Despite some misguided early philosophising, the pandemic has not turned out to be a great leveller: we have all been, to borrow a viral metaphor, navigating the same stormy sea in very different vessels. It has, however, made Lana Del Rey a bit more relatable. The musician has often seemed more highly stylised cipher than everywoman, toying with romantic ideals of American culture and darkly dysfunctional love. Yet on her eighth album, Blue Banisters, she has more pedestrian activities in mind, such as Zoom calls and trips to Target.

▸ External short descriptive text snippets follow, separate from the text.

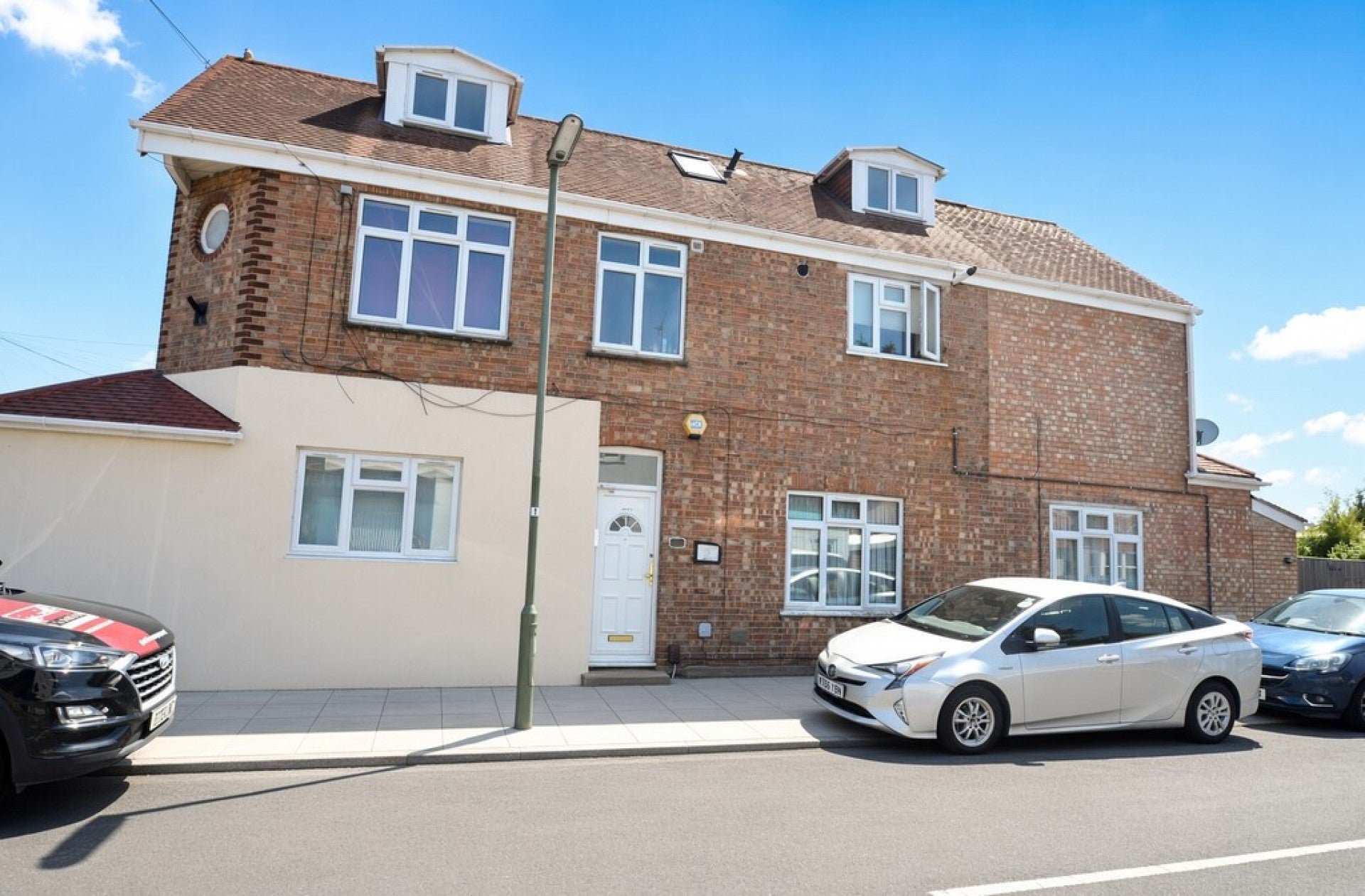 Flat Warwick Road in Borough of Spelthorne
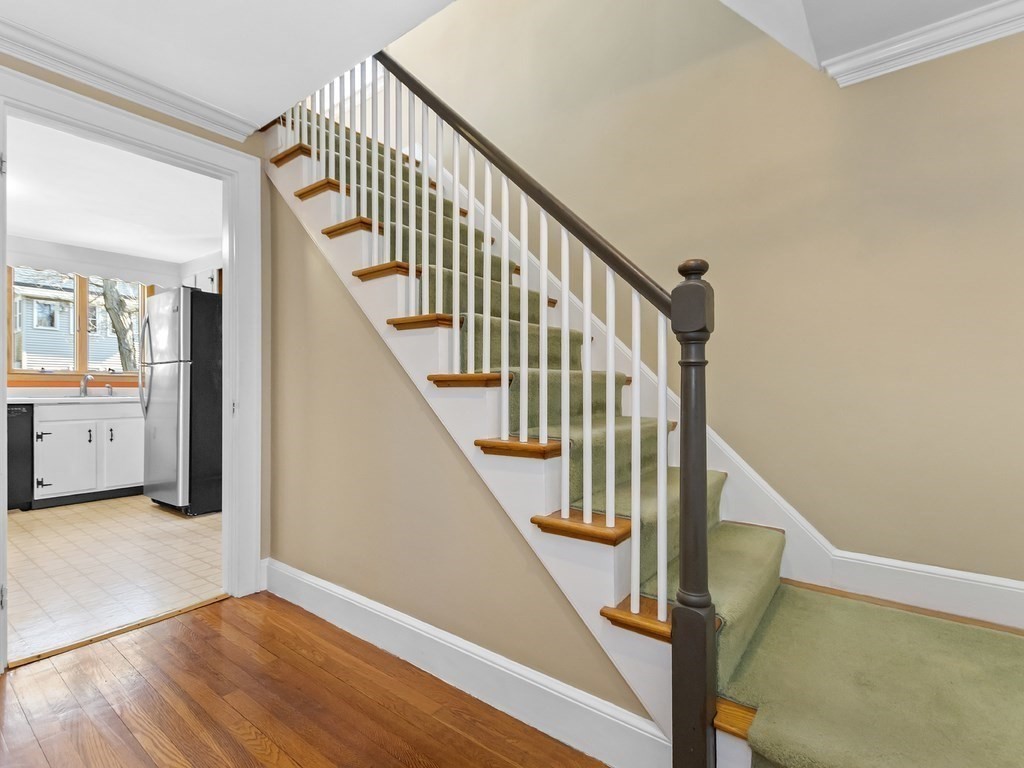 31 Sunset Road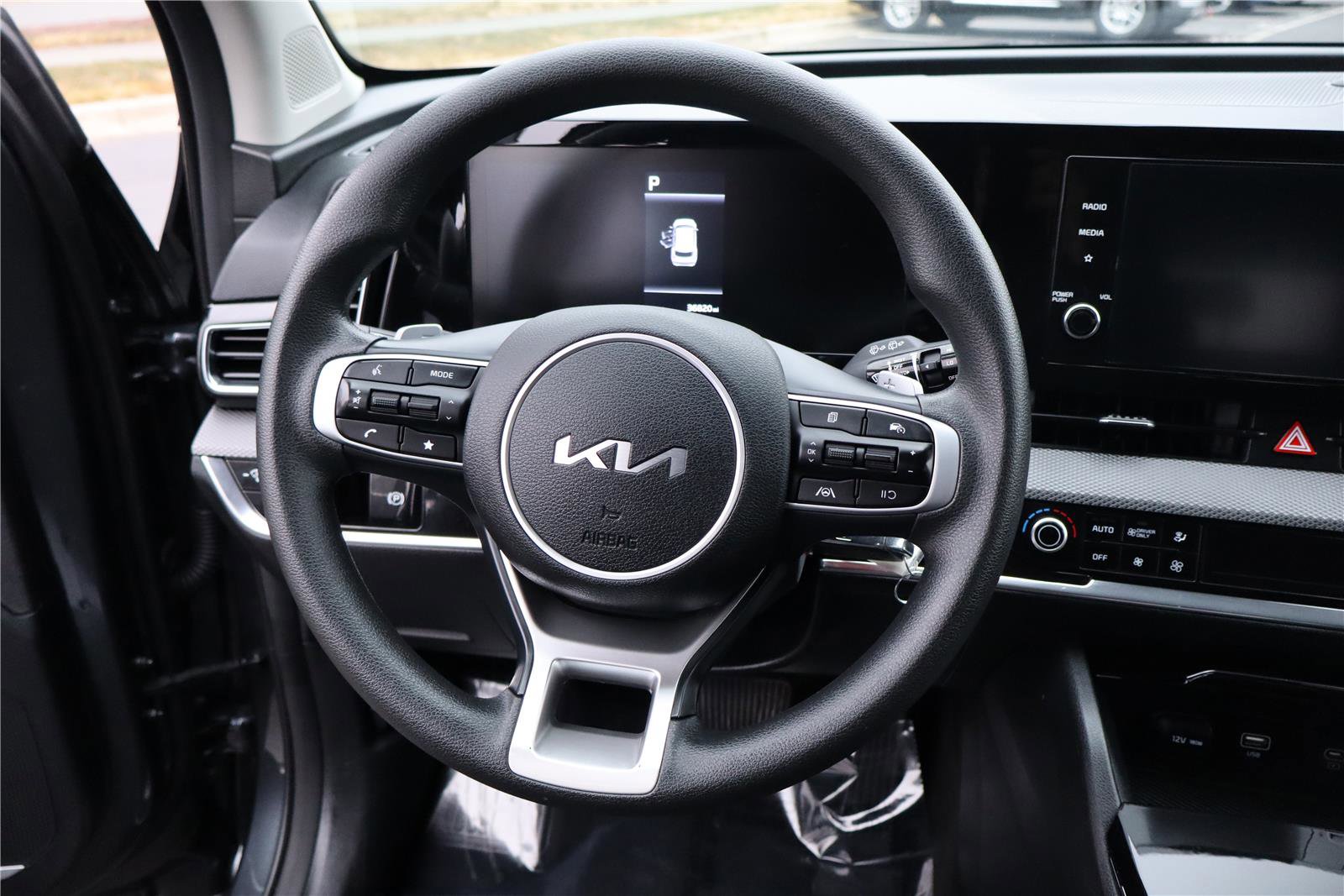 Certified 2023 Kia Sportage LX image 16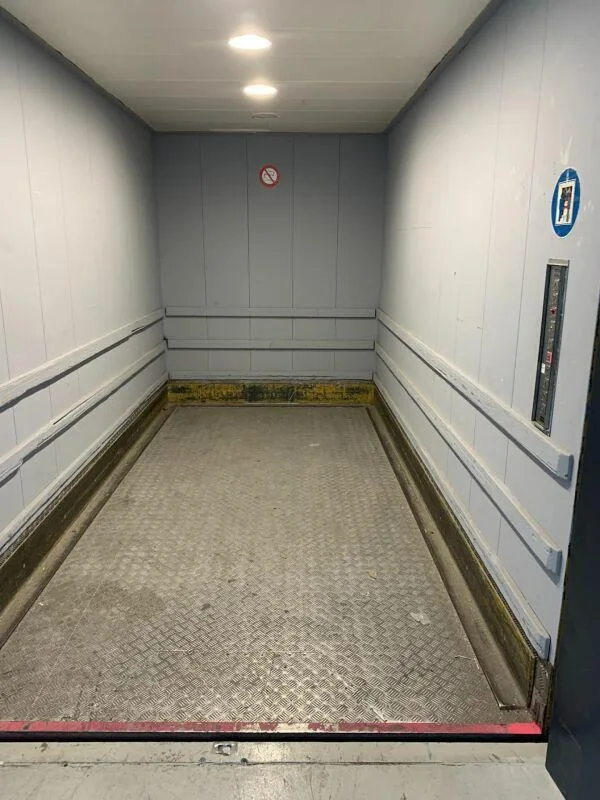Vaud stockage/dépots/local de 625 m2 à louer avec quai de chargemen... – Foto 10 von 11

“If this is the end, I want a boyfriend / Someone to eat ice-cream with and watch television,” she sings on Black Bathing Suit, a song that appears to nod to lockdown weight gain (“The only thing that still fits me is this black bathing suit”). Later, she is overcome by signs of ordinary life returning: on Violets for Roses, once run-of-the-mill sights such as young women frolicking maskless and bookshops reopening can now elicit euphoria.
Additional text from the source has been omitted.